As summer temperatures soar into the high thirties and low forties, how do devices cope with constant exposure to heat when people seek refuge in air-conditioned rooms?

With AI computing power growing exponentially towards high performance, density, and energy consumption, AI servers are nearing the limits of air cooling efficiency. Liquid cooling, known for its superior efficiency and lower energy consumption, is emerging as the preferred solution for high-density computing environments.

Advantages of Liquid Cooling

1. Rapid Heat Dissipation: Liquids, with their high thermal conductivity and specific heat capacity, can absorb over 3000 times more heat per unit volume compared to air, making liquid cooling significantly more efficient than air cooling.

2. Energy Efficiency: Aligned with national carbon neutrality goals, the Power Usage Effectiveness (PUE) index is a critical measure of equipment efficiency. Liquid cooling systems, with fewer power-intensive components like compressors and fans, mainly using water pumps and sensors, can drastically reduce PUE.

3. Enhanced Space Utilization: For instance, immersion cooling can significantly increase server density per unit space in data centers, supporting high-density computing more effectively.

Mainstream Liquid Cooling Technologies

• Cold Plate Liquid Cooling: Uses cold plates to directly cool high-power devices such as CPUs and GPUs, alongside air cooling for other components.

• Spray Cooling: Stores liquid at the top of the chassis and sprays it onto heat-emitting components, akin to a shower, for effective device cooling.

• Immersion Cooling: Fully submerges heat-emitting devices in coolant liquid, similar to taking a bath in cool water. This can be classified into single-phase and two-phase immersion cooling based on whether phase change occurs during the cooling cycle.

Currently, cold plate liquid cooling dominates the market with over 90% share due to lower costs, mature technology, and compatibility with existing operational habits. However, immersion cooling offers superior heat dissipation efficiency in the long term, especially as server power consumption increases. Future advancements may see immersion cooling as the ultimate solution.

Limitations of Liquid Cooling

Challenges include unstable technologies, such as phase transition issues in cold plate systems, which can lead to flow instability and deteriorated heat transfer efficiency. High costs also hinder widespread adoption, encompassing equipment costs like tanks and coolant, as well as maintenance costs for pumps, heat exchangers, filters, and sensors.

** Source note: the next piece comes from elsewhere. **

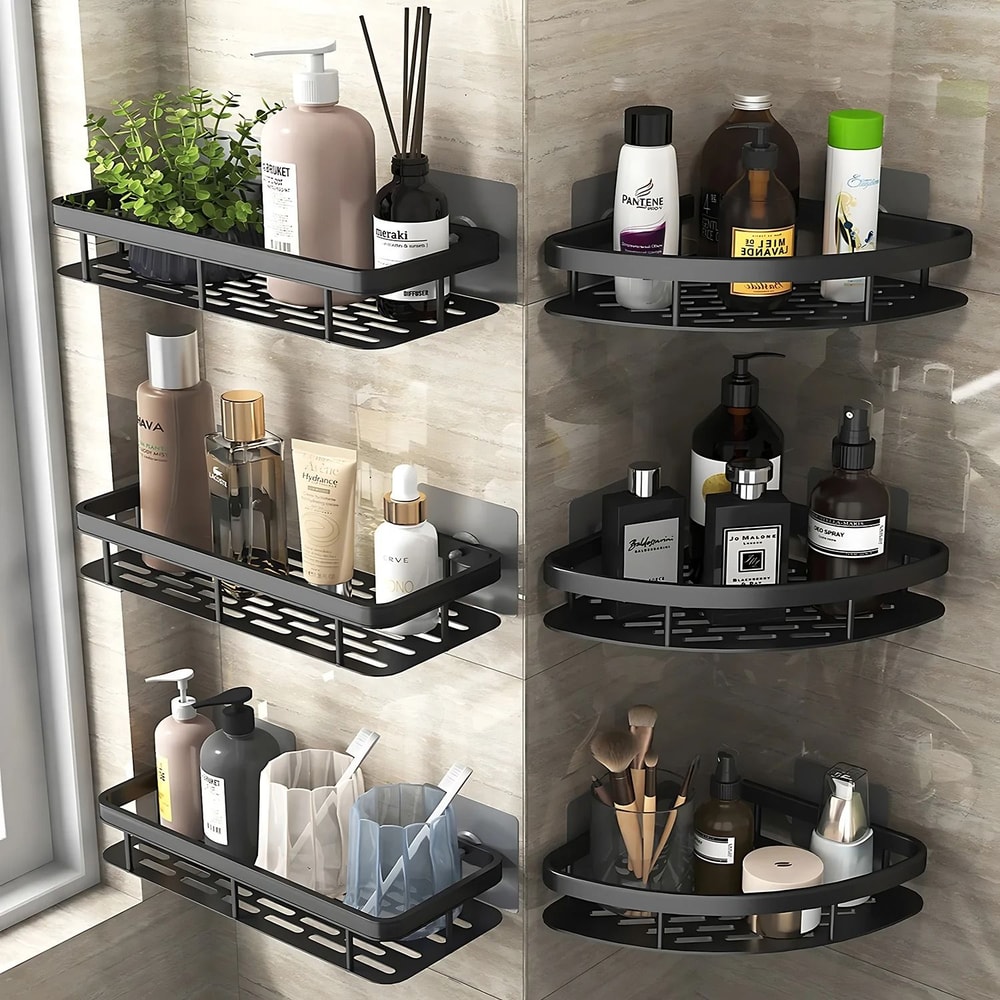 Bathroom Shelf Wall Mounted Towel Rack And Shower Storage Organizer 0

The maturity of the industry chain remains another obstacle. The close coupling of cooling and heating sources requires system integrators to possess both cooling and heating source handling capabilities and understand ICT architecture. Current barriers upstream and downstream in the industry chain have yet to be fully addressed.

Despite higher initial costs compared to traditional air cooling, as technology iterates and equipment costs decrease, the tipping point in liquid cooling's total cost of ownership (TCO) advantage may soon be reached. This could pave the way for a significant surge in the liquid cooling market.